Even though we haven’t launched yet, we’re already seeing a number of questions and comments that are worth addressing. Here are some of those questions and our responses:

Update: The signatures threshold for petitions on the We the People platform to receive an official response from the White House has changed since this blog post was published.  See the latest signature thresholds.

Since the White House announced We the People, a new way for the public to petition the Obama Administration on a range of issues, we've been putting the final pieces in place, kicking the tires and getting ready for launch. We're excited, but it’s a little nerve-wracking, nonetheless. Why?

We're not quite sure what to expect.

We hope to see petitions with a broad range of viewpoints that challenge the Administration – on issues core to President Obama’s priority of creating jobs and restoring the American economy, as well as other topics we haven't publicly addressed in a while (and, yes, some that already have been).

Even with all the preparation and thought that's been put into it, we're going to learn a lot more from how the public uses We the People in the first few weeks. What we learn will almost certainly help us improve the platform’s content and functionality, and we may also find that we will need to raise the threshold for responses.

Even though we haven’t launched yet, we’re already seeing a number of questions and comments that are worth addressing (thanks in particular to Tim Bonnemann for gathering some). And as a reminder, we’re always keeping an eye on #WHWeb for feedback about the White House’s online program.  Here are some of those questions and our responses:

Q: Will a petition's number of signatures be public?
A: Yes, as will the number needed to reach the response threshold and the time remaining.

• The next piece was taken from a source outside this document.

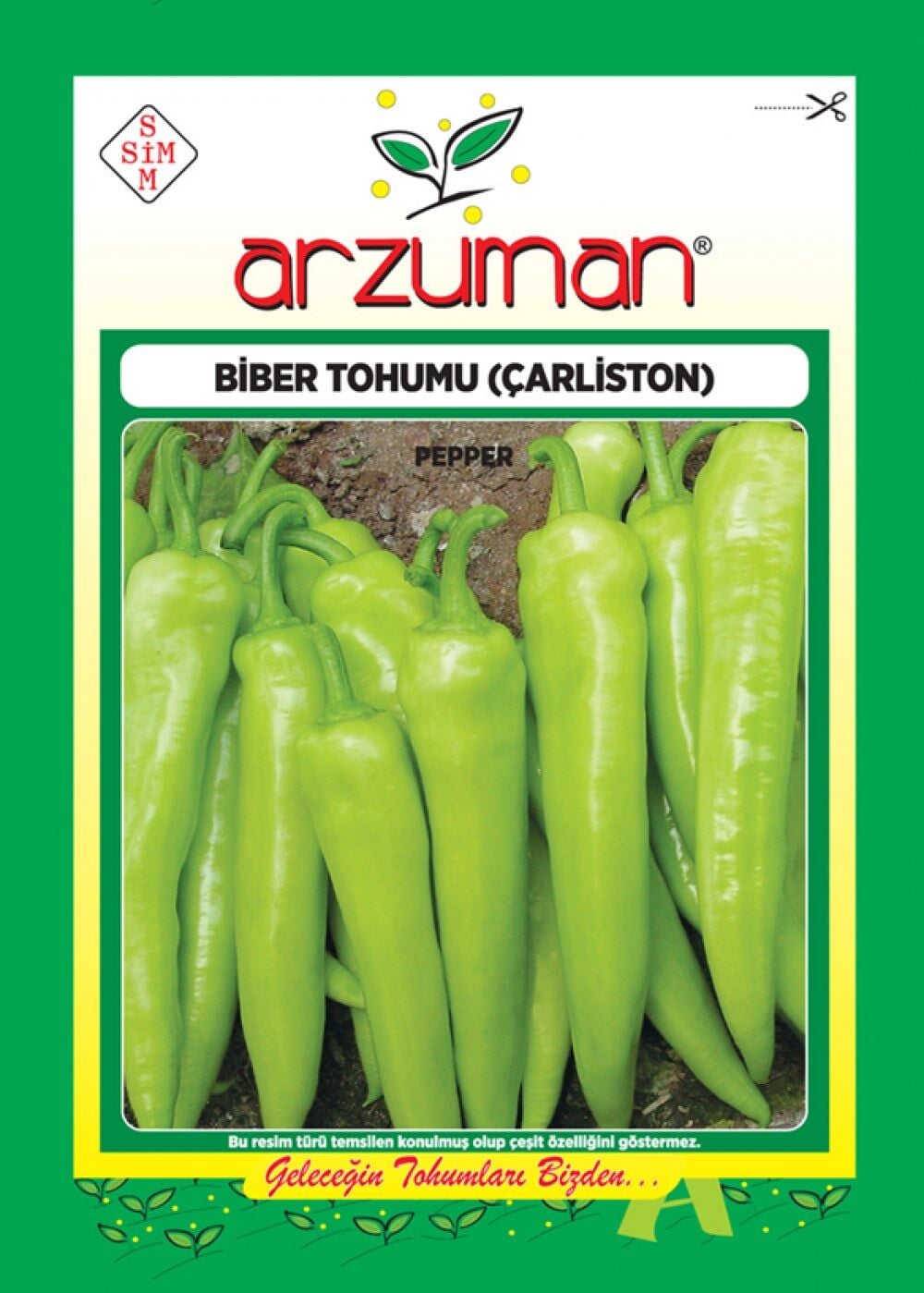 Çarliston Biber Tohumu (10 GR) 2500 Adet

Q: Joe Newman (a spokesman for the Project On Government Oversight): “Encouraging citizens’ participation is never a bad thing, [b]ut part of me is very skeptical that they’ll be able to handle the number of petitions that come in and give it any sort of thorough review.”
A: This is a good point. Since we cannot respond individually to every We the People petition received, we use a threshold to set a clear expectation about what will get a response.  Depending on how many petitions reach this threshold, we may raise or lower it to ensure that we can meaningfully process and respond to all petitions that reach the threshold. If this threshold is changed, it will not be applied retroactively to petitions that have already been created.

Q: Do the We the People thresholds apply to petitions created on other sites or offline?
A: Not right now. The first version of We the People is very simple and based on direct participation via  Integrating with existing advocacy platforms is something that we think will be valuable and we're excited to collaborate with other organizations and institutions to extend this system, think about possible API's and introduce some standards into constituent communications generally. While this may seem nerdy, we think it can have a major impact on the way that the public communicates with elected officials. In the meantime, petitions submitted on other sites and offline will continue to receive the same consideration they did before We the People started.

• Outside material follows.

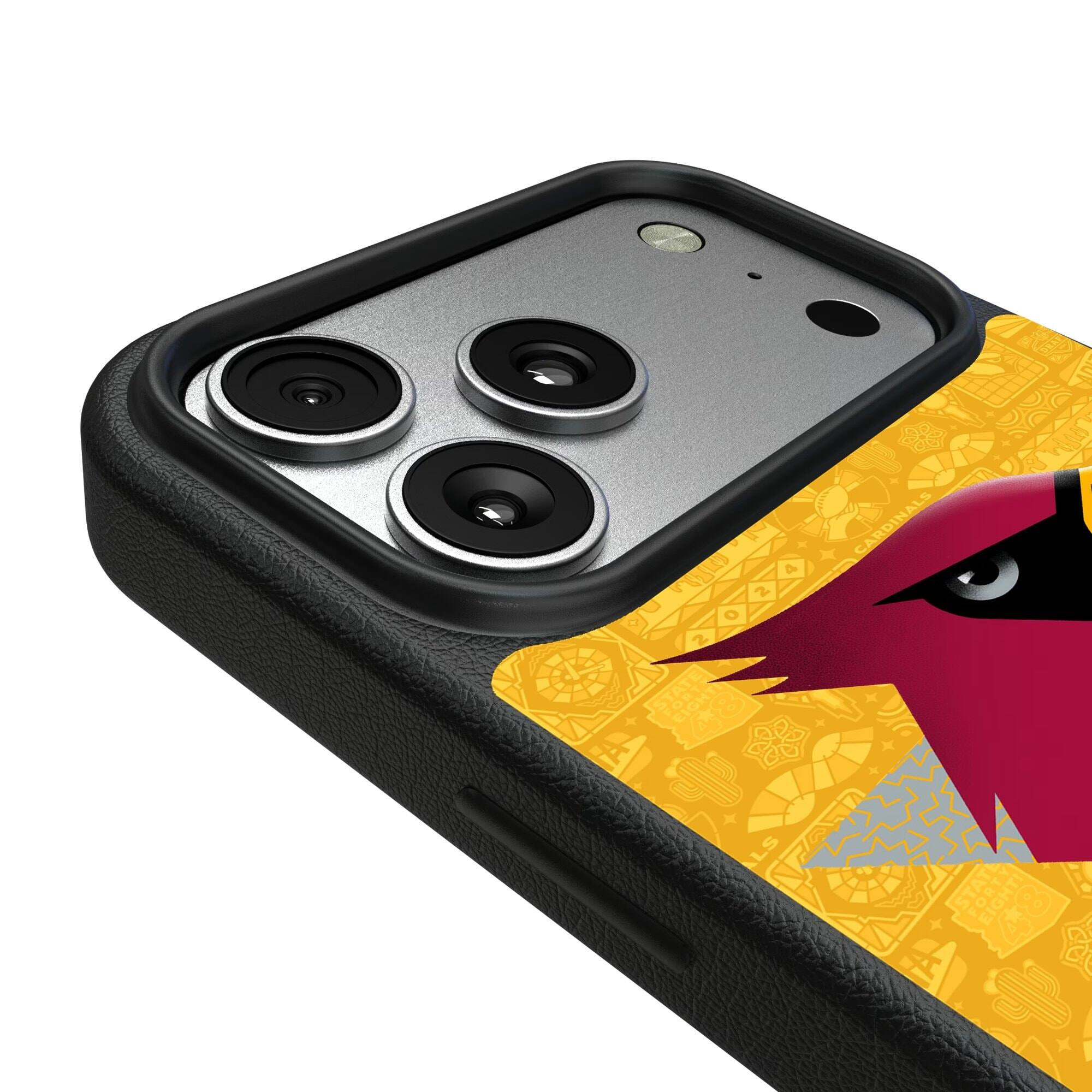 Alt View 2. Keyscaper - Arizona Cardinals iPhone Magnetic Bump Case - 16 Plus - Black.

Q: Will this information, such as people's email addresses be shared with other organizations, such as President Obama's re-election campaign or the DNC?
A: No, absolutely not. Information collected through We the People is not shared with any outside organizations, including political parties or campaigns. This includes the email addresses you submit to create a log-in.  You can learn more by reading our privacy policy .

Q: According to the announcement, petitions can call for action by the federal government “on a range of issues”. That seems to imply that issues outside of this range may be off-limits. What, if any, guidelines will the White House provide to ensure participants know upfront which issues they can or cannot address via this tool?  And Patrice McDermott (director of Open The Government) asks: “The other test is that range of issues [...] Is it going to be only issues that are only of political benefit to the White House, or — who designs that, and how’s it going to be limited, and will it change over time?”
A: We the People was designed to be a way for people to petition us about actions that fall within the scope of the federal government.  To keep the conversation focused, people will be presented with a broad range of issues that fall within this scope. We are also open to suggestions for additional topics. So please give us your feedback.

Additionally, it is important to note that while topics are defined, viewpoints are not. Setting up We the People in a way that only yielded petitions that praised the Administration or shared our opinions would neither be productive or interesting. So there are no restrictions on the point of view advanced by a petition-in fact, we expect to receive more petitions that disagree with government policies than we do petitions that support them.

Q: What are the ground rules that will govern the petition process? For example, will certain kinds of offensive or abusive behavior or language be deemed unacceptable?  How will these ground rules be enforced? For example, does the White House reserve the right to moderate or delete content, ban users etc.?
A: We're not interested in a tool to engage with only people who agree with us - and we're pretty sure you aren't either. The goal is to foster broad-based, civil and constructive discourse on the White House website about important policy issues facing our nation. To advance that purpose, there will be a few viewpoint-neutral rules of the road. Petitions that fall outside these rules will be removed from the system.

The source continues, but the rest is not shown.